RM: By nature, do you think all politicians become liars?
JL: I do. It's a shame. It really is. Regardless of what your politics are. You know, we had the opportunity to meet the president when he came here and he seemed a really nice guy. But then, you see how he sat there and lied to the American people. That kind of bums you out.
RM: You have this good-boy image, but you've done some bad stuff.
JL: No one's perfect. I'm far from it. I was a troublemaker when I was young. I went through a couple of years there where I was just a terror. I had no self-control in class; fifth through seventh grade, for whatever reason, I was just causing havoc.
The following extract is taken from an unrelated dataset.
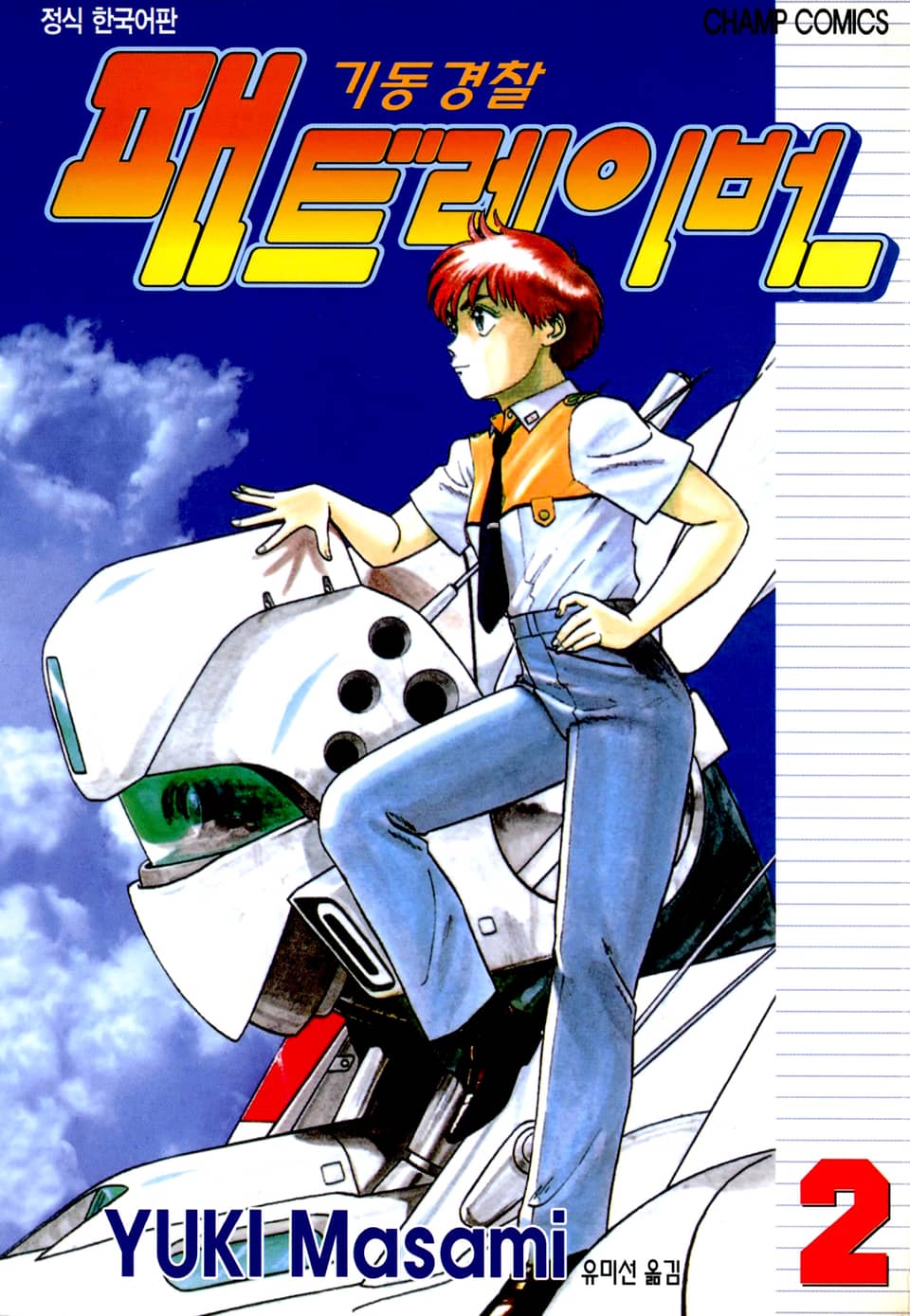 기동경찰 패트레이버 2권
I remember the teachers. I remember being in the principal's office a lot. I remember my dad telling me if I don't shape up I'm going to go to this military academy in San Diego. I had an eighth-grade teacher (George Ronis) that really grabbed me and said, "You better get this straight 'cause you're going down the wrong track."
RM: What's up with the Rocky series?
JL: I'm a big fan of the Rocky series. When I really want to get up for a game I would pop one in of them. Rocky 1, 2 or 3. I remember before a college game once, I watched all five. . . .
RM: Boxers or briefs?
JL: Boxers when I sleep, briefs during the day, for day-to-day things.
RM: T-shirt and jeans, or suits?
JL: For the most part, T-shirt and jeans. That's the southern California in me, but that's also living in Florida.
RM: Is it true that the dress code among the players is starting to step up?
JL: Our team's kind of going through that right now. Tony (Dungy) doesn't require us to dress up as a team. He requires we have slacks and collared shirts. Now, guys are trying to outdo each other. For a number of years, guys wore jeans and a collared shirt. Now, everybody's suiting up.
RM: Is the suit quality directly proportionate to how you're playing?
JL: Yes. I remember last year when we went to St. Louis, 80 percent of the team was suiting up. It was a big, big game and everybody knew it. Some guys are pretty clean. It's fun to watch. And since Keyshawn (Johnson) has arrived, it's elevated. Everyone knows his reputation as a nice dresser and so they're trying to raise their game a bit.
RM: What are your plans after football?
JL: I don't have that figured out yet but the one thing that's very appealing to me is broadcasting. It seems to me as a way to stay somewhat involved in the game. Coaching? I would like it but I have watched too many coaches spend hours and time away from their family. I think that will be too difficult for me.